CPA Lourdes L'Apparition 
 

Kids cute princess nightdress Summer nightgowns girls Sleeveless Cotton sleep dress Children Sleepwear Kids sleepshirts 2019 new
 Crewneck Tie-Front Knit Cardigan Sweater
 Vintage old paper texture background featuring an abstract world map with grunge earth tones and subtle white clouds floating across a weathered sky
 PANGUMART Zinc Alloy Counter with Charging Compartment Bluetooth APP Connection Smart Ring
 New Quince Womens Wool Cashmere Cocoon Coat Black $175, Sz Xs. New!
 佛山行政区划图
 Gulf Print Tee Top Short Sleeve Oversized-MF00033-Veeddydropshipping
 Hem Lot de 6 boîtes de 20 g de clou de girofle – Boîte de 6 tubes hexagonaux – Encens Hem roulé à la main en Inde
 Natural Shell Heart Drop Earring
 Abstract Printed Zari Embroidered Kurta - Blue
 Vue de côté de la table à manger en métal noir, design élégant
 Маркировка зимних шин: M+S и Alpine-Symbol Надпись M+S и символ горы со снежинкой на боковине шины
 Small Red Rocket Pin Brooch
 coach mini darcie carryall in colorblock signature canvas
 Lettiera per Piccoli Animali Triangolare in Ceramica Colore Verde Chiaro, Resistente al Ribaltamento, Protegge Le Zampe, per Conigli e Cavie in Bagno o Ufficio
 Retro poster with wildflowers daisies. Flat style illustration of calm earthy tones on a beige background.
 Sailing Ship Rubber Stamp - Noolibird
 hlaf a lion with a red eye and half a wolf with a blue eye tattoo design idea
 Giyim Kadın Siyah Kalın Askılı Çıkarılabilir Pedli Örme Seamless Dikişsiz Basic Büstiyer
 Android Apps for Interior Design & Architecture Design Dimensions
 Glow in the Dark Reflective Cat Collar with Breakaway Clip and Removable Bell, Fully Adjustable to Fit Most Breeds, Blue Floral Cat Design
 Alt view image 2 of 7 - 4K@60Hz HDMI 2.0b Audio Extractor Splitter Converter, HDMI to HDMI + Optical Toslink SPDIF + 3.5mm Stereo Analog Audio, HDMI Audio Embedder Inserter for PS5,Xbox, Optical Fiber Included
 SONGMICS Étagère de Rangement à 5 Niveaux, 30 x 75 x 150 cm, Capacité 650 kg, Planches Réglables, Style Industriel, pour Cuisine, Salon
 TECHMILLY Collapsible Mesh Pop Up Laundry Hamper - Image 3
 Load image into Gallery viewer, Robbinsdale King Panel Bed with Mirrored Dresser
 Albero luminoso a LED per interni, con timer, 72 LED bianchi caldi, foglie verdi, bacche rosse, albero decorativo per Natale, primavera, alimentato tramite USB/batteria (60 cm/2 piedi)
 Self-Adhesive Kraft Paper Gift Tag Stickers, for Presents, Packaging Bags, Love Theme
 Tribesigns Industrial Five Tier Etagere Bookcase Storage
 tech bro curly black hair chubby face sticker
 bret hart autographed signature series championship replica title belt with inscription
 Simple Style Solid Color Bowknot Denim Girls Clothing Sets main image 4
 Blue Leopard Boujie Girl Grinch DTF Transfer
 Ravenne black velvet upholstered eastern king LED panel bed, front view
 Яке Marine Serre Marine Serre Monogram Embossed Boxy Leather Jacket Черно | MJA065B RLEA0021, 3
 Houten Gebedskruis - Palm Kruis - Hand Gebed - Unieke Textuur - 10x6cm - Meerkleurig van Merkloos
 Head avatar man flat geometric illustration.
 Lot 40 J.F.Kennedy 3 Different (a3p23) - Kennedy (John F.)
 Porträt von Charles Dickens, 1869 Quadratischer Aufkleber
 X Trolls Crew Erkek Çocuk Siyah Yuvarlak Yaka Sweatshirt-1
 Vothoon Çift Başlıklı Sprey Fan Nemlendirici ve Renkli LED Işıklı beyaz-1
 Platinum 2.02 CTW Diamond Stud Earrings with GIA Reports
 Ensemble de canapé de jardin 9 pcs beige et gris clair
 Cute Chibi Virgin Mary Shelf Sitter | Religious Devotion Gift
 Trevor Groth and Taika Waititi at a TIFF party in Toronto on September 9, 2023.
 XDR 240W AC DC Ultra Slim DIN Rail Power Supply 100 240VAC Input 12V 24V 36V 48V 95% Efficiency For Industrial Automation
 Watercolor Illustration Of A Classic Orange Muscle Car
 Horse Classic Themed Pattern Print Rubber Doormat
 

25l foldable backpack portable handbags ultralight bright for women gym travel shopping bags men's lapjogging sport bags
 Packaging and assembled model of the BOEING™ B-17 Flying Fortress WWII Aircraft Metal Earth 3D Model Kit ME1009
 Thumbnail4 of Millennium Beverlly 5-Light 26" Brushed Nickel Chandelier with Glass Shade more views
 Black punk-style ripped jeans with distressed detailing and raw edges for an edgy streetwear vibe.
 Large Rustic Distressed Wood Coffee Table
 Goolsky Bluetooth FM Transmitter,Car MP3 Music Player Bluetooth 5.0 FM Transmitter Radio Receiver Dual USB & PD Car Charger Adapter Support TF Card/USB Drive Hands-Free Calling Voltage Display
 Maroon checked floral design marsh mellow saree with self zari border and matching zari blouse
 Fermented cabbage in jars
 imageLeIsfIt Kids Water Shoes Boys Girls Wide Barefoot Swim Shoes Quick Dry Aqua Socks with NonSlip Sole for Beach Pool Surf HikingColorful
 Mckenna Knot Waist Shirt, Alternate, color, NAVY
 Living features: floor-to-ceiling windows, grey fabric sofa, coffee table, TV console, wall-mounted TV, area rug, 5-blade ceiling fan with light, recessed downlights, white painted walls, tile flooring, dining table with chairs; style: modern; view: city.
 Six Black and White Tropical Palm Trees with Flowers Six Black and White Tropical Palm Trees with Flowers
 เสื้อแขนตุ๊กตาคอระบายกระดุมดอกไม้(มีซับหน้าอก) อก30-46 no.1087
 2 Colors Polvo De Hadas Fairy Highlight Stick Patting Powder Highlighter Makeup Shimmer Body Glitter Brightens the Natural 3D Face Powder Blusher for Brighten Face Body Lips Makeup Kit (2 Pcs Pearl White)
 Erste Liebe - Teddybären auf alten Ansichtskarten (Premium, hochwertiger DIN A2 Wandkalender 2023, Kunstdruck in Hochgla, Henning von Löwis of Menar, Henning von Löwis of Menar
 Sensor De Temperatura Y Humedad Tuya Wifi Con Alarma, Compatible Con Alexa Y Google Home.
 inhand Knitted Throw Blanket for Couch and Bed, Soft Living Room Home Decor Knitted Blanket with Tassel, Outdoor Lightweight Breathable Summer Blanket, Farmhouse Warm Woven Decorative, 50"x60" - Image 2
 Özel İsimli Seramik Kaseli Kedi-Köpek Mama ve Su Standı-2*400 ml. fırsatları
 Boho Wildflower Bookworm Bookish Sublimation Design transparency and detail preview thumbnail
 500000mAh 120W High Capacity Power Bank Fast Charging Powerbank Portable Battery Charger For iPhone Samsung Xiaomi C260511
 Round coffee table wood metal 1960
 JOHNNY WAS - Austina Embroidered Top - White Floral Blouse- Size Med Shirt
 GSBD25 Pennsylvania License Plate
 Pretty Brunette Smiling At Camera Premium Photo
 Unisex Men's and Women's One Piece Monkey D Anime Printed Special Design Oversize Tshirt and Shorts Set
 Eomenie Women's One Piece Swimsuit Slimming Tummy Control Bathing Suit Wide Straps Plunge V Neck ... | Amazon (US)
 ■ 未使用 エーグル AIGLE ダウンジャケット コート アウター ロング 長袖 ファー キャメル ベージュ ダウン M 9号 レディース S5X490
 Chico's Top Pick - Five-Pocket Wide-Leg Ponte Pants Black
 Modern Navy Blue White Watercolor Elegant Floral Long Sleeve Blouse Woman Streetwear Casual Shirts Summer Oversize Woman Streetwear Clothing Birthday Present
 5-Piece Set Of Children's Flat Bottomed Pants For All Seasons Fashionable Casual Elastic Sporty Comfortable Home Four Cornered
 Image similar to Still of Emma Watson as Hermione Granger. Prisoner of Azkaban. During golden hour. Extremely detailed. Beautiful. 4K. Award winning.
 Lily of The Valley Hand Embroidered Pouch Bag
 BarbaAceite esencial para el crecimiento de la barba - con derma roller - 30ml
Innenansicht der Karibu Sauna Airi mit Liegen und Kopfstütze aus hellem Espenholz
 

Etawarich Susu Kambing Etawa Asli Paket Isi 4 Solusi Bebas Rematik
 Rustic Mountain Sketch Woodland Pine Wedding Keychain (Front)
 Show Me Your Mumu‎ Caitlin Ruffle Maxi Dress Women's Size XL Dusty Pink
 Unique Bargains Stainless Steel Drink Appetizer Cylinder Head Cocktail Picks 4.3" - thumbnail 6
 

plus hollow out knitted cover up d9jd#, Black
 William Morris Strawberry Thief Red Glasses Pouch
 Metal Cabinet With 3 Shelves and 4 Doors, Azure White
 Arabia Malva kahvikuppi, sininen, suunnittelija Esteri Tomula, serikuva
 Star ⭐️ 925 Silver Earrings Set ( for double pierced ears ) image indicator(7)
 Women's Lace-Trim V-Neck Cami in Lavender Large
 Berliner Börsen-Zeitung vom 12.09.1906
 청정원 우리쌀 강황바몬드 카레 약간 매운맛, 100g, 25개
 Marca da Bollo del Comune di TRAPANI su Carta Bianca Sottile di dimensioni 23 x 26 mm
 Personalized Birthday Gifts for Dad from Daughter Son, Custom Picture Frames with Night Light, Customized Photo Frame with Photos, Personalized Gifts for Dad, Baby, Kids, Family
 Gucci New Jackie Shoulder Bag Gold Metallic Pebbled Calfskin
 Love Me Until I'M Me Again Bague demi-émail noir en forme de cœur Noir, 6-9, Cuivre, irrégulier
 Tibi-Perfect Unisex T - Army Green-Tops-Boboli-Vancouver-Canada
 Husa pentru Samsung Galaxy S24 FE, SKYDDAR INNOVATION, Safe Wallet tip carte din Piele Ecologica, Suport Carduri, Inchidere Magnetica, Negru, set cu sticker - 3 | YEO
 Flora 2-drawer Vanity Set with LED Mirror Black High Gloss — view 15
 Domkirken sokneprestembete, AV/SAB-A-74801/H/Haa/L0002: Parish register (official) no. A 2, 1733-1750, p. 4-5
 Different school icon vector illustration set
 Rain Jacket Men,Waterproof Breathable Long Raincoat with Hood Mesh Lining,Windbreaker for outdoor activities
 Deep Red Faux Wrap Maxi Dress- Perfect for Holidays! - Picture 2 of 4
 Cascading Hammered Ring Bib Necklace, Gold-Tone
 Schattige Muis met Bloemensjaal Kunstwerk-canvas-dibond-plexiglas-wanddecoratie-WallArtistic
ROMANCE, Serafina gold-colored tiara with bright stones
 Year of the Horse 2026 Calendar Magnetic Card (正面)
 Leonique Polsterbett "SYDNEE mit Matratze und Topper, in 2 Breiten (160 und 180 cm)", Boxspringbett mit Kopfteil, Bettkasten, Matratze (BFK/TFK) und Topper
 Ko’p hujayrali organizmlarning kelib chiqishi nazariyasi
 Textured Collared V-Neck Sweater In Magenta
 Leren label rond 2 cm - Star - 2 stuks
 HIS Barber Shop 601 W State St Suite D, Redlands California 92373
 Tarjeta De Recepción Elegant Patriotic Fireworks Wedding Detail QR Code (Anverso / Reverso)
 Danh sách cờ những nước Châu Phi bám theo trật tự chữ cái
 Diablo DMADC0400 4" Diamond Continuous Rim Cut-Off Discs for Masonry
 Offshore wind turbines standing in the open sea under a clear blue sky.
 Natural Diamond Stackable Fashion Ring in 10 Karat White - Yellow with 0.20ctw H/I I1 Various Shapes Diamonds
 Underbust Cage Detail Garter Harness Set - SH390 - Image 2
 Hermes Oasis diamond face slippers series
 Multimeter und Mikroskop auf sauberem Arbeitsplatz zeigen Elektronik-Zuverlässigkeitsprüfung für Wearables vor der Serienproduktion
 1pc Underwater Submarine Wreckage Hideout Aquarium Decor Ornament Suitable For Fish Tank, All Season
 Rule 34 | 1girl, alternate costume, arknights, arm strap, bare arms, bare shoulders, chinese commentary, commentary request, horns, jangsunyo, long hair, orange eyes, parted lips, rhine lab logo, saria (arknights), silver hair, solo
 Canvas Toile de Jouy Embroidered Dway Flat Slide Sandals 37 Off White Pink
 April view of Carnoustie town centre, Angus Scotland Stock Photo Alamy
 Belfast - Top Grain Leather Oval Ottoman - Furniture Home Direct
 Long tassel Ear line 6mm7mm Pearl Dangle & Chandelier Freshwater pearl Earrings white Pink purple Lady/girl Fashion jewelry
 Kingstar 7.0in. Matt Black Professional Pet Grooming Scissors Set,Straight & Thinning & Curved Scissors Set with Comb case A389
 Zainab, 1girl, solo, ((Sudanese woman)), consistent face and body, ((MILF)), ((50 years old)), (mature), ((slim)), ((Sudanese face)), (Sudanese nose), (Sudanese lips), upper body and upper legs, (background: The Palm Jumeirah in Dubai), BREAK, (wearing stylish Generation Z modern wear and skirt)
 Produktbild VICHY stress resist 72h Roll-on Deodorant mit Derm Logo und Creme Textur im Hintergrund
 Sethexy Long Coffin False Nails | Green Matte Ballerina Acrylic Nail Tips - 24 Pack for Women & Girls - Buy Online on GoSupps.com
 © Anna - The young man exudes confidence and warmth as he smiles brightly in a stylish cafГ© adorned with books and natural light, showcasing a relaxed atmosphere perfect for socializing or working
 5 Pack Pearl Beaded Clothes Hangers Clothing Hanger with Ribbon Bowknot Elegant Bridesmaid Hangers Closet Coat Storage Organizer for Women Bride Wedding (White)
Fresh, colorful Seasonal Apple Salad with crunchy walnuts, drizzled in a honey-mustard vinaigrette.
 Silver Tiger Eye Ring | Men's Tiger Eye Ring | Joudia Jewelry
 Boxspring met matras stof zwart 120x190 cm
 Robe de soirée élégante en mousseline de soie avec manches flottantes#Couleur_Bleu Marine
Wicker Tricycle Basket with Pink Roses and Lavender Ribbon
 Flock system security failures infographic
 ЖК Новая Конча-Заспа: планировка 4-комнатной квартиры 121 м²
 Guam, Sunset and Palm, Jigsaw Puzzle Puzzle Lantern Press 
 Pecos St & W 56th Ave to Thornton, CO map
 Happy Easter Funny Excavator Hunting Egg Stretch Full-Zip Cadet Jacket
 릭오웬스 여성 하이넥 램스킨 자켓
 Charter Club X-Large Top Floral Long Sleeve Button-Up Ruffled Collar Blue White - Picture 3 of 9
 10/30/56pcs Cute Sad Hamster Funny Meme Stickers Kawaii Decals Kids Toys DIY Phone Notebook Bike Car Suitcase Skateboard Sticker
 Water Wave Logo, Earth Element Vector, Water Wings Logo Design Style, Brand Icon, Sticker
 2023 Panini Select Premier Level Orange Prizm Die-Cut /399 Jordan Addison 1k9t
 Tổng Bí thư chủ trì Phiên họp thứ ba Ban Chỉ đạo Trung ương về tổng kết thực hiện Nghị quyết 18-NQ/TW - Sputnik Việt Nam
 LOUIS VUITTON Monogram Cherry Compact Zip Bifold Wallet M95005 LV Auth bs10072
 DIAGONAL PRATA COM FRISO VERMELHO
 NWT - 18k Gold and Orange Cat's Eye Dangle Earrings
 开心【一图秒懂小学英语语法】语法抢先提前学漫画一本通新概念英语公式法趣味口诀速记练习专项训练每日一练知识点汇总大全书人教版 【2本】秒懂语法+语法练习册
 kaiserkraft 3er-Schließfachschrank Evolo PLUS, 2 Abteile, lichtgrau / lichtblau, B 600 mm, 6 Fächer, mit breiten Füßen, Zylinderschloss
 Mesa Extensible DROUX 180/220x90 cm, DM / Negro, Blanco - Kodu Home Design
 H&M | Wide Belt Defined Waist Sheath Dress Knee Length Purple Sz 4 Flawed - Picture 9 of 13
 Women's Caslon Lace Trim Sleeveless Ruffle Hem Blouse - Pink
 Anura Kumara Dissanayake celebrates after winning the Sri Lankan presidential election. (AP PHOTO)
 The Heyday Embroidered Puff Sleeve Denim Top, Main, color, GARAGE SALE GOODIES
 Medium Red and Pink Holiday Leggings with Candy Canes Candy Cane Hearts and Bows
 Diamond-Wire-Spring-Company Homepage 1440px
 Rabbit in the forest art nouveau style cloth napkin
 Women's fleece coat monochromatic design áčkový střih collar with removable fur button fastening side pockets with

········

EXERCISE INSTRUCTIONS
Copy only this part of the entries above: the line with "Platinum 2.02 CTW", the line with "2 Colors Polvo", and the lines between, all exactly as written.

SOLUTION FOR THIS PROBLEM
 Platinum 2.02 CTW Diamond Stud Earrings with GIA Reports
 Ensemble de canapé de jardin 9 pcs beige et gris clair
 Cute Chibi Virgin Mary Shelf Sitter | Religious Devotion Gift
 Trevor Groth and Taika Waititi at a TIFF party in Toronto on September 9, 2023.
 XDR 240W AC DC Ultra Slim DIN Rail Power Supply 100 240VAC Input 12V 24V 36V 48V 95% Efficiency For Industrial Automation
 Watercolor Illustration Of A Classic Orange Muscle Car
 Horse Classic Themed Pattern Print Rubber Doormat
 

25l foldable backpack portable handbags ultralight bright for women gym travel shopping bags men's lapjogging sport bags
 Packaging and assembled model of the BOEING™ B-17 Flying Fortress WWII Aircraft Metal Earth 3D Model Kit ME1009
 Thumbnail4 of Millennium Beverlly 5-Light 26" Brushed Nickel Chandelier with Glass Shade more views
 Black punk-style ripped jeans with distressed detailing and raw edges for an edgy streetwear vibe.
 Large Rustic Distressed Wood Coffee Table
 Goolsky Bluetooth FM Transmitter,Car MP3 Music Player Bluetooth 5.0 FM Transmitter Radio Receiver Dual USB & PD Car Charger Adapter Support TF Card/USB Drive Hands-Free Calling Voltage Display
 Maroon checked floral design marsh mellow saree with self zari border and matching zari blouse
 Fermented cabbage in jars
 imageLeIsfIt Kids Water Shoes Boys Girls Wide Barefoot Swim Shoes Quick Dry Aqua Socks with NonSlip Sole for Beach Pool Surf HikingColorful
 Mckenna Knot Waist Shirt, Alternate, color, NAVY
 Living features: floor-to-ceiling windows, grey fabric sofa, coffee table, TV console, wall-mounted TV, area rug, 5-blade ceiling fan with light, recessed downlights, white painted walls, tile flooring, dining table with chairs; style: modern; view: city.
 Six Black and White Tropical Palm Trees with Flowers Six Black and White Tropical Palm Trees with Flowers
 เสื้อแขนตุ๊กตาคอระบายกระดุมดอกไม้(มีซับหน้าอก) อก30-46 no.1087
 2 Colors Polvo De Hadas Fairy Highlight Stick Patting Powder Highlighter Makeup Shimmer Body Glitter Brightens the Natural 3D Face Powder Blusher for Brighten Face Body Lips Makeup Kit (2 Pcs Pearl White)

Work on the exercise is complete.